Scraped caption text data
####################
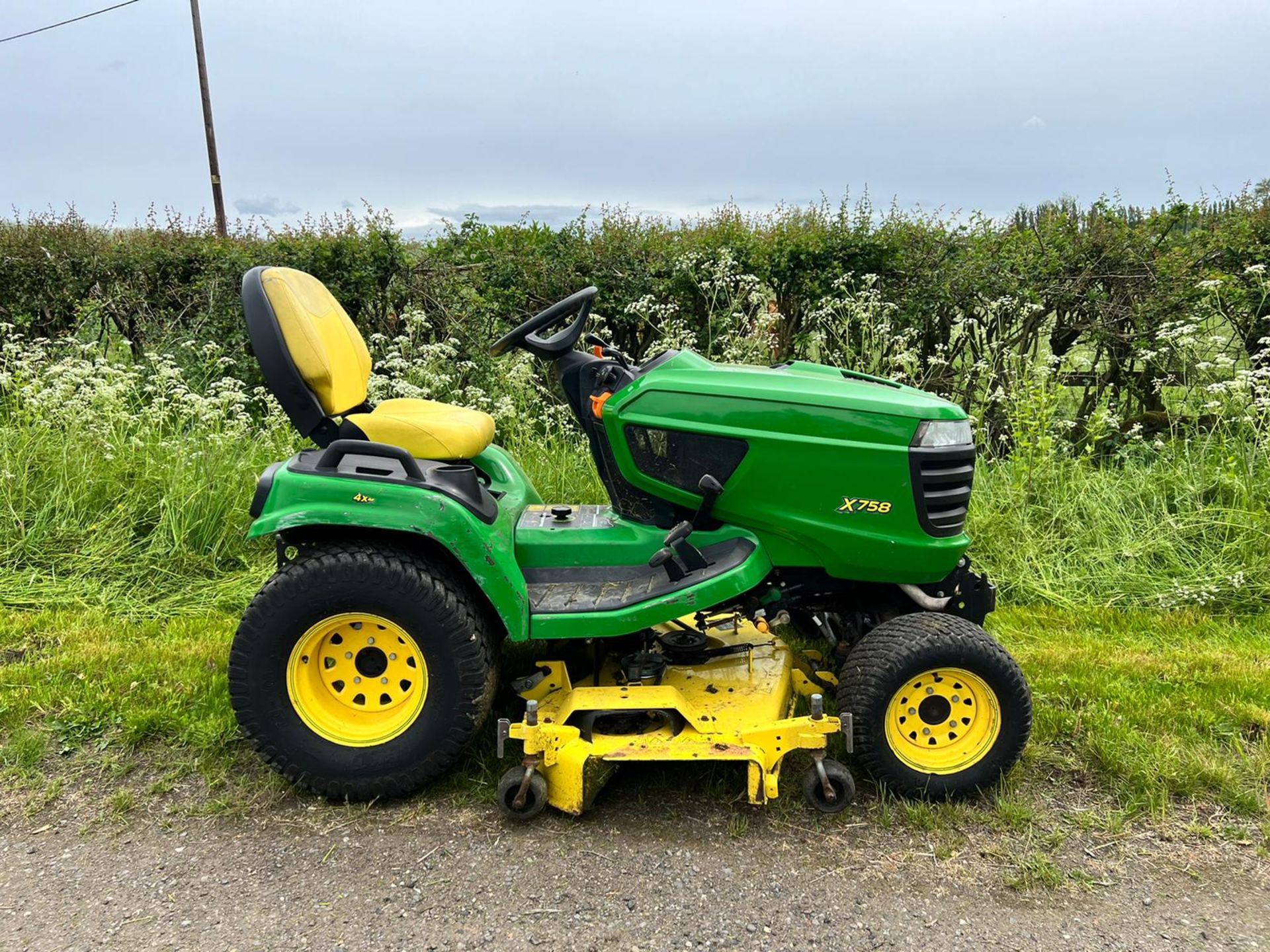 2013 John Deere X758 24HP 4WD Ride On Mower, Runs Drives And Cuts, Showing A Low 950 Hours! - Image 7 of 16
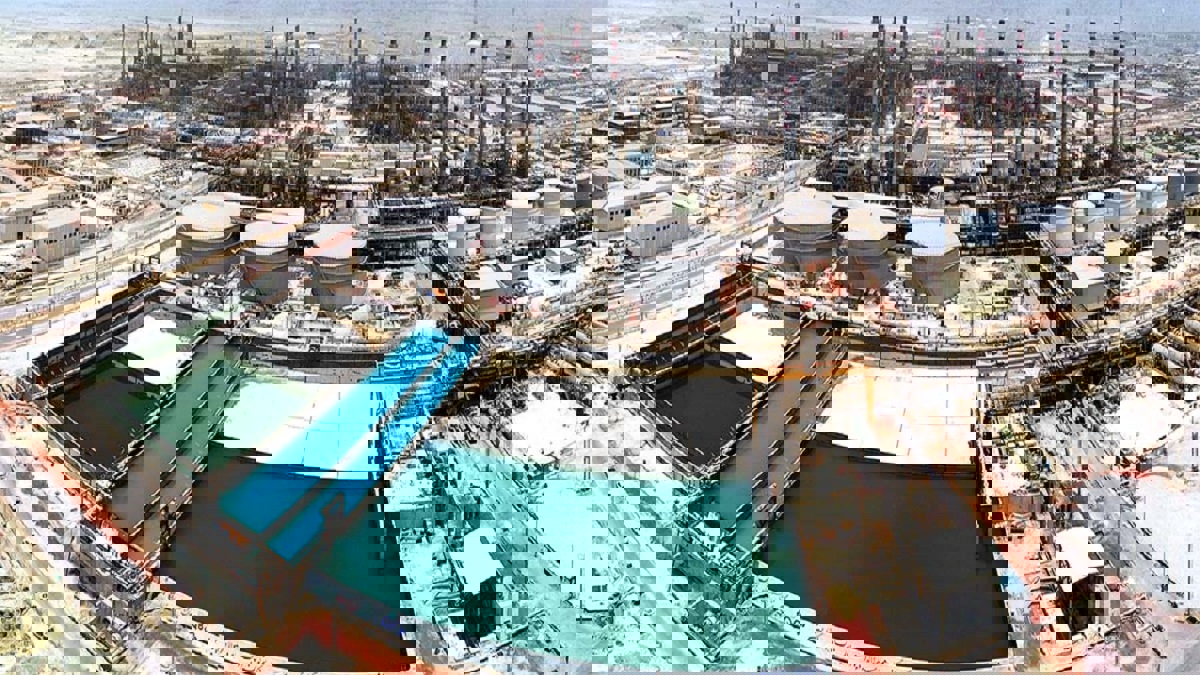 إيران تعلن تصدير أول شحنة بنزين دون الكشف عن الدول المستوردة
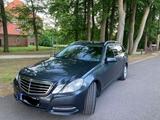 Mercedes-Benz E 220 CDI T AVANTGARDE AVANTGARDE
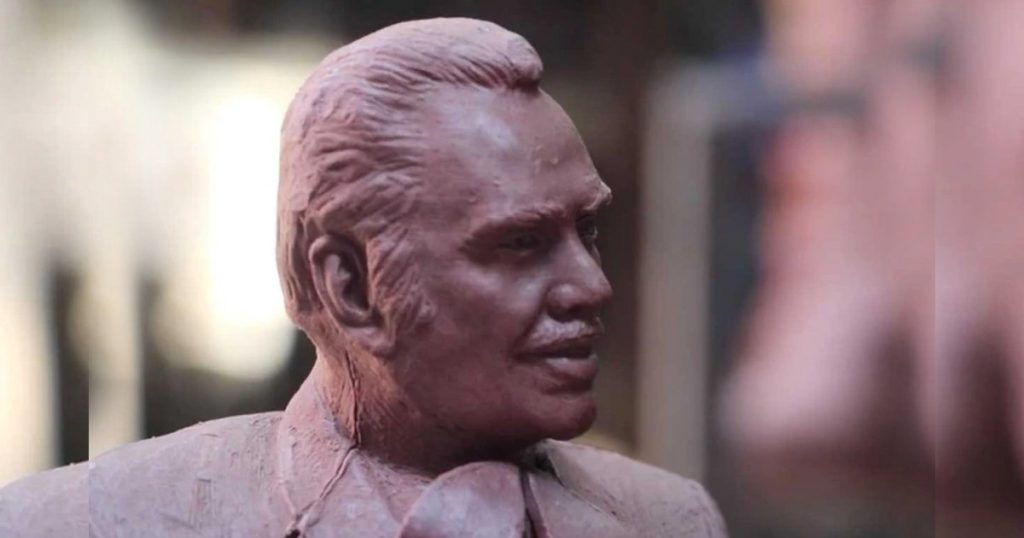 Vicente Fernández tendrá su escultura de dos toneladas en bronce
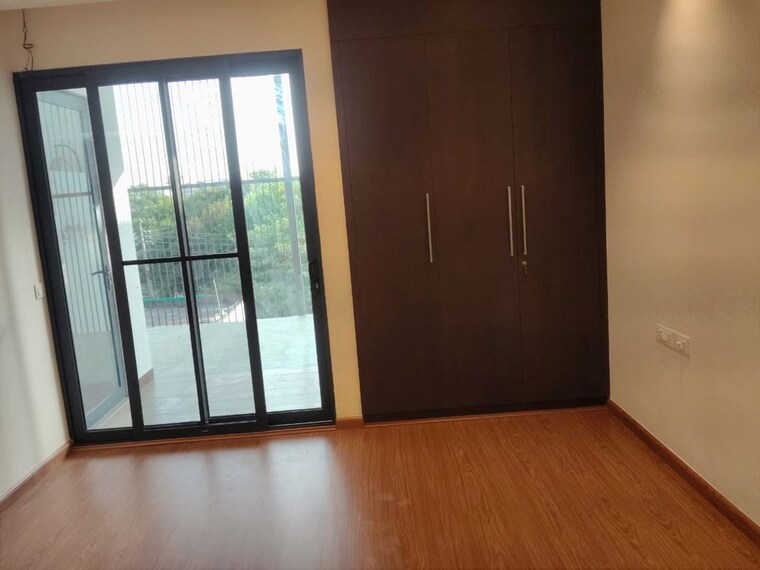 Room, builder-floor 4 Bedroom 2800 Sq.Ft. Builder Floor In Sector 28 Gurgaon 10667678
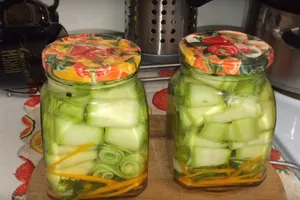 Мариновані кабачки з морквою - покроковий рецепт Мариновані кабачки з морквою - покроковий рецепт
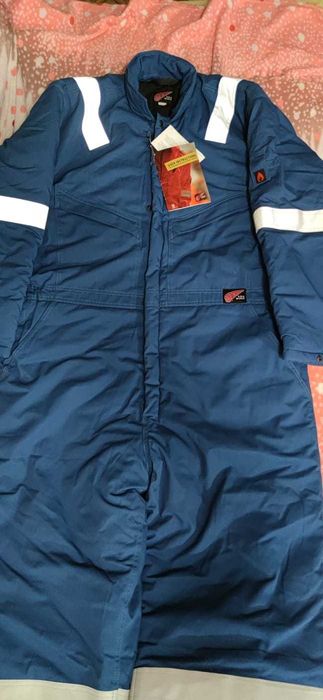 Продам комбинезон  зимний спецодежда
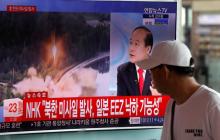 A man watches a TV broadcast of a news report on North Korea's ballistic missile test, at a railway station in Seoul, South Korea, July 4, 2017. PHOTO BY REUTERS/Kim Hong-Ji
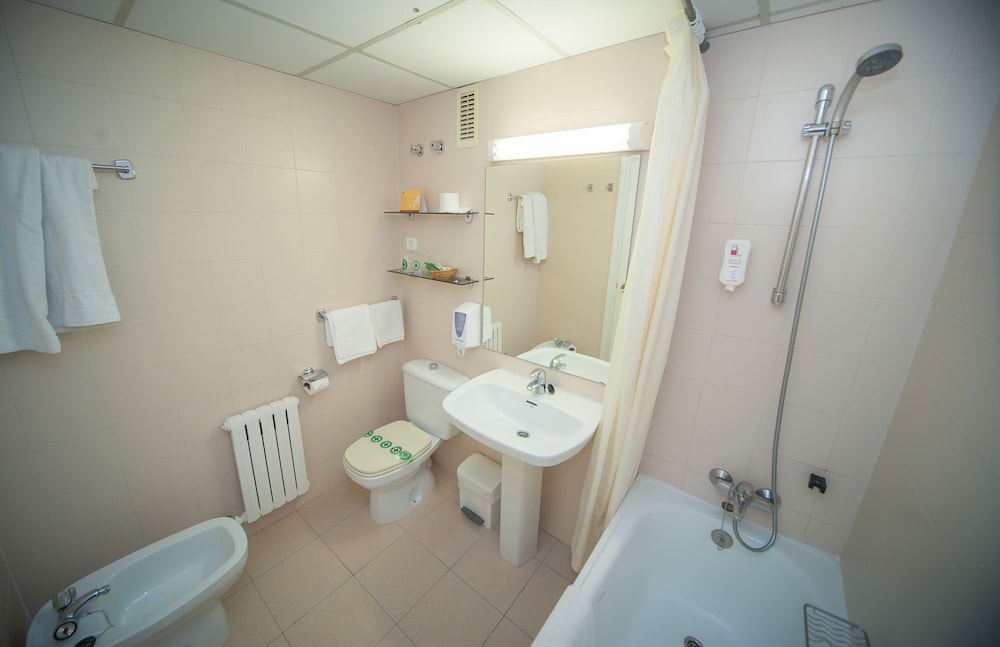 Quadruple Room (2 adults + 2 children) - Photo 7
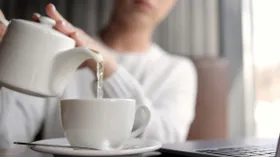 Что пить по утрам вместо кофе или чая? Нутрициолог назвала 7 самых лучших напитков для завтрака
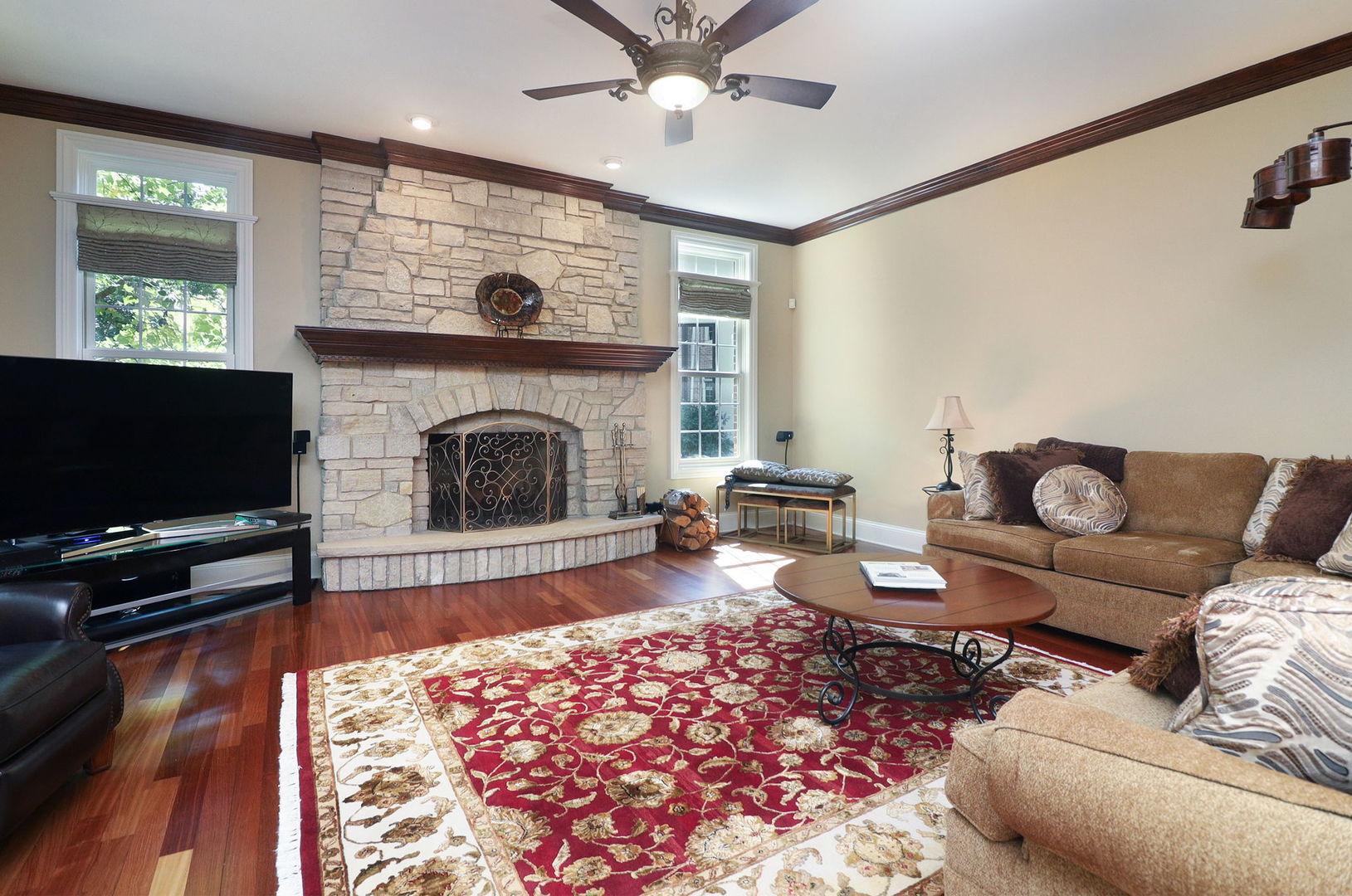 616 Driftwood Court, Naperville, IL 60540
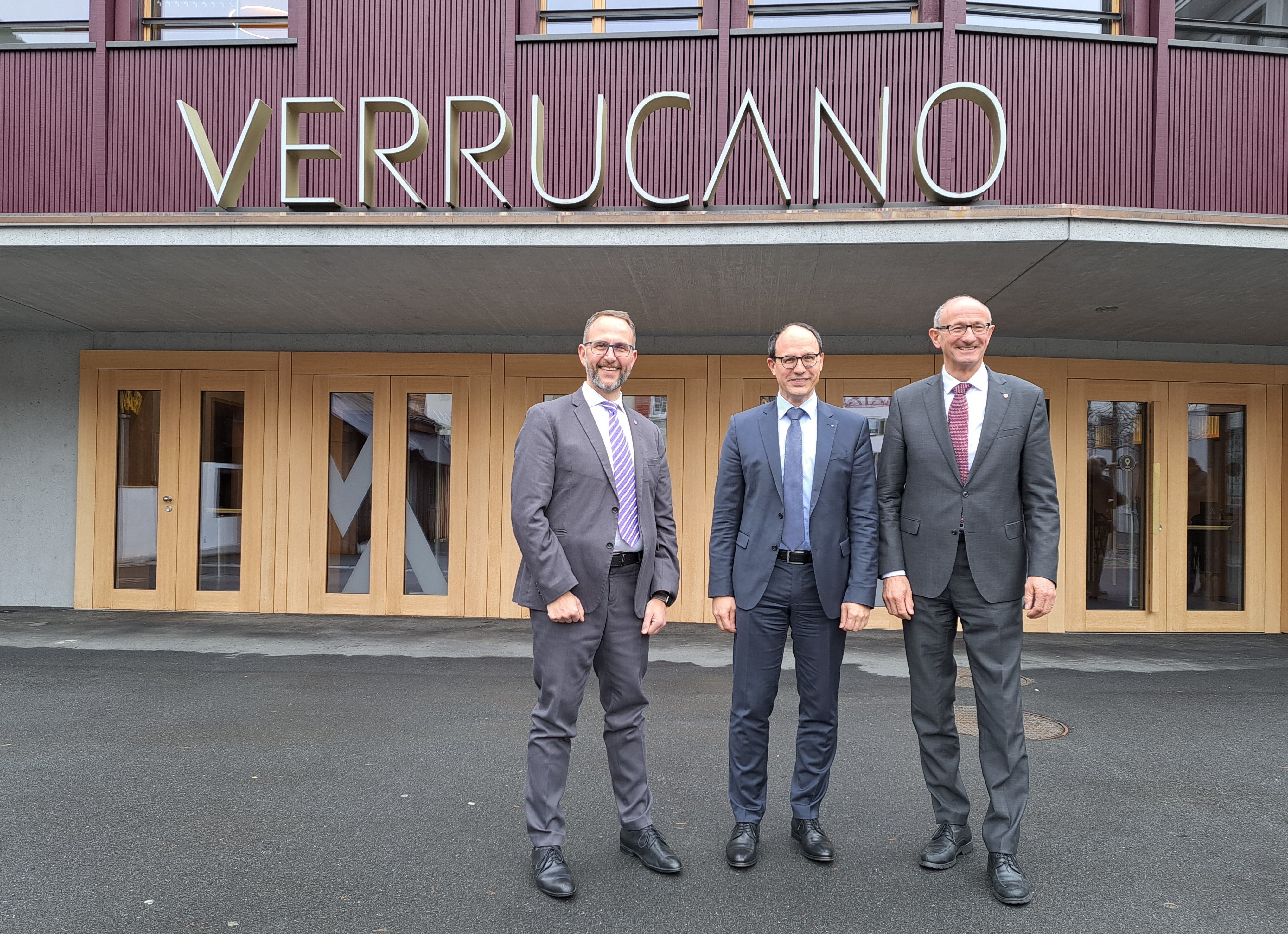 Il presidio odierno di Arge Alp che ha inaugurato a palazzo Verrucano a Mels (Svizzera) la Presidenza 2023 del Cantone di San Gallo: nella foto (da sinistra) Norman Gobbi, Marc Mächler e Anton Mattle (Foto: Cantone di San Gallo)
####################
▶ _Brief_
Which lines run from the one containing "Vicente Fernández tendrá" through the last line of the entries above? Output them exactly, both ends included, with no pictures.

▶ _Answer for this exercise_
 Vicente Fernández tendrá su escultura de dos toneladas en bronce
 Room, builder-floor 4 Bedroom 2800 Sq.Ft. Builder Floor In Sector 28 Gurgaon 10667678
 Мариновані кабачки з морквою - покроковий рецепт Мариновані кабачки з морквою - покроковий рецепт
 Продам комбинезон  зимний спецодежда
 A man watches a TV broadcast of a news report on North Korea's ballistic missile test, at a railway station in Seoul, South Korea, July 4, 2017. PHOTO BY REUTERS/Kim Hong-Ji
 Quadruple Room (2 adults + 2 children) - Photo 7
 Что пить по утрам вместо кофе или чая? Нутрициолог назвала 7 самых лучших напитков для завтрака
 616 Driftwood Court, Naperville, IL 60540
 Il presidio odierno di Arge Alp che ha inaugurato a palazzo Verrucano a Mels (Svizzera) la Presidenza 2023 del Cantone di San Gallo: nella foto (da sinistra) Norman Gobbi, Marc Mächler e Anton Mattle (Foto: Cantone di San Gallo)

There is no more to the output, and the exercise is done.